Confusing speculation with investment, Graham warns, is always a mistake. In the 1990s that confusion led to mass destruction. Almost everyone, it seems, ran out of patience at once, and America became the Speculation Nation, populated with traders who went shooting from stock to stock like grasshoppers whizzing around in an August hay field.

He goes on to write:

People boasted that they were “right.” But the intelligent investor has no interest in being temporarily right. To reach your long-term financial goals, you must be sustainably and reliably right. The techniques that became so trendy in the 1990s – day trading, ignoring diversification, flipping hot mutual funds, following stock-picking “systems” – seemed to work. But they had no chance of prevailing in the long-run, because they failed to meet all three of Graham’s criteria for investing.

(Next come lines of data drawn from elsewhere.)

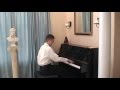 Johannes Brahms: Waltz in A-flat major, Op. 39 No. 15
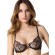 Soutien-Gorge Corbeille ‘Dolce Vita’ – Atelier Amour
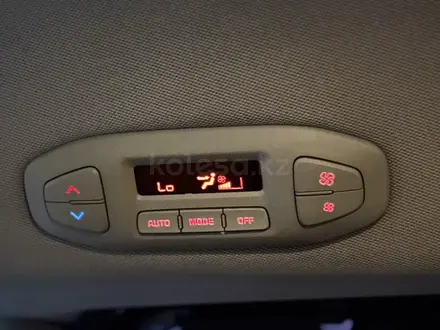 Kia Carnival 2016 года за 11 000 000 тг. в Алматы – фото 14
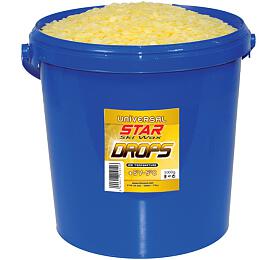 Star Ski Wax Granult Drops universal 5kg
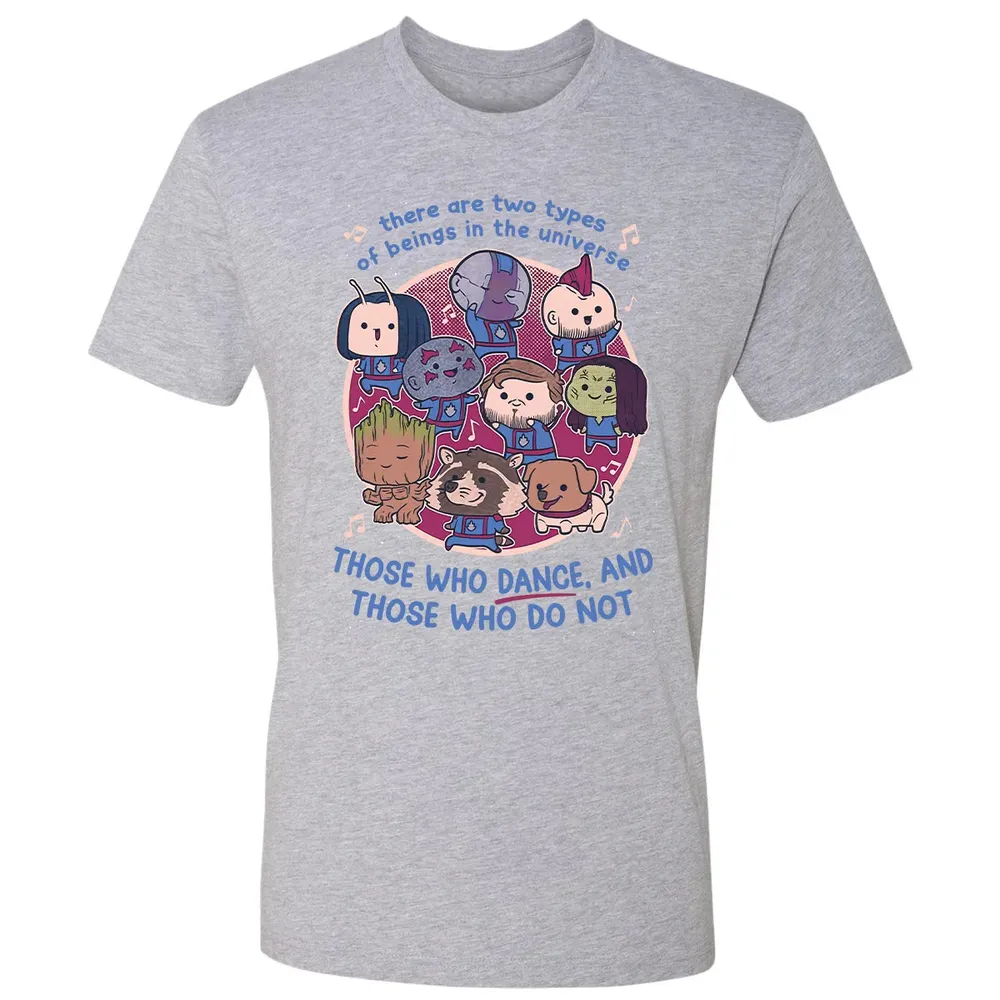Those Who Dance Premium Unisex T-shirt - 9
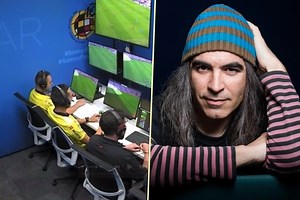 El polémico Chema Alonso encuentra nuevo trabajo fuera del mundo teleco: el fútbol español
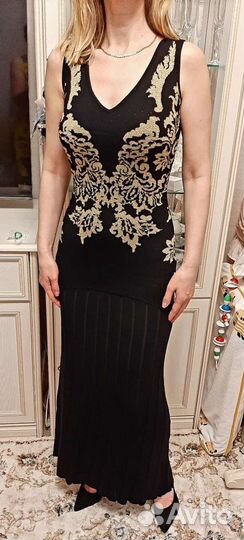 Платье на праздник, в театр love republic р 42-44
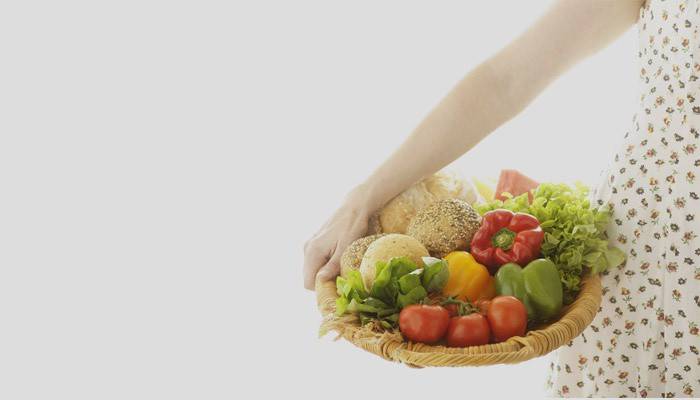 Produkty przyspieszające metabolizm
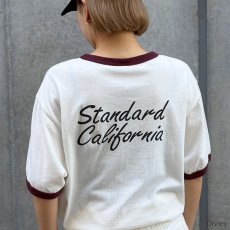画像13: STANDARD CALIFORNIA  Disney / SD Ringer T (13)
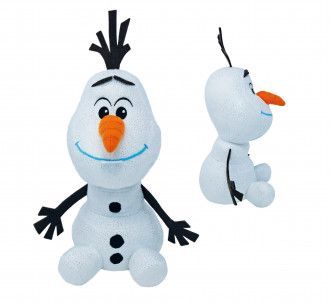 Disney Plüschtier Olaf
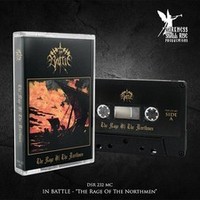 In Battle - Rage Of The Northmen - Cass - G72Z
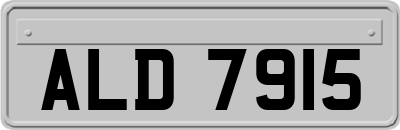 ALD7915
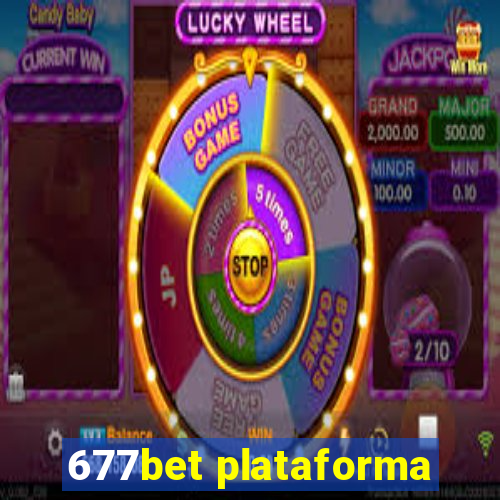 677bet plataforma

While we attempt to “call” some of the short-term wiggles in the stock market, we are much better with long-term investing and the primary trend of the stock market remains “up.” For example, last Thursday on CNBC we stated:

While our long/intermediate-term models did not register a cautionary signal, our short-term model did so two weeks ago, and we wrote about it. We raised a little cash but stated that any pullback should be mild and contained in the 2940 – 2960 support zone. Boy was that a bad trading call because following the Jay Powell presser, and the President’s increased tariffs on China, the equity markets fell into a selling vacuum. We said that “selling vacuum” ended last Monday with a capitulation low of ~2822 on the S&P 500 (SPX/2918.65), which turned out to be a 90% Downside Day (90% of the Upside to Downside volume came in on the downside and 90% of Points Traded also came in on the downside). In our Trading Flash Tuesday morning we said to not trust the first rally because markets usually come back down and test a capitulation low; and that is exactly what happened on Wednesday when the Dow fell ~589 but closed flat on the session. So, we think the lows are “in,” although we said on CNBC it would not surprise if the equity markets consolidated for few sessions.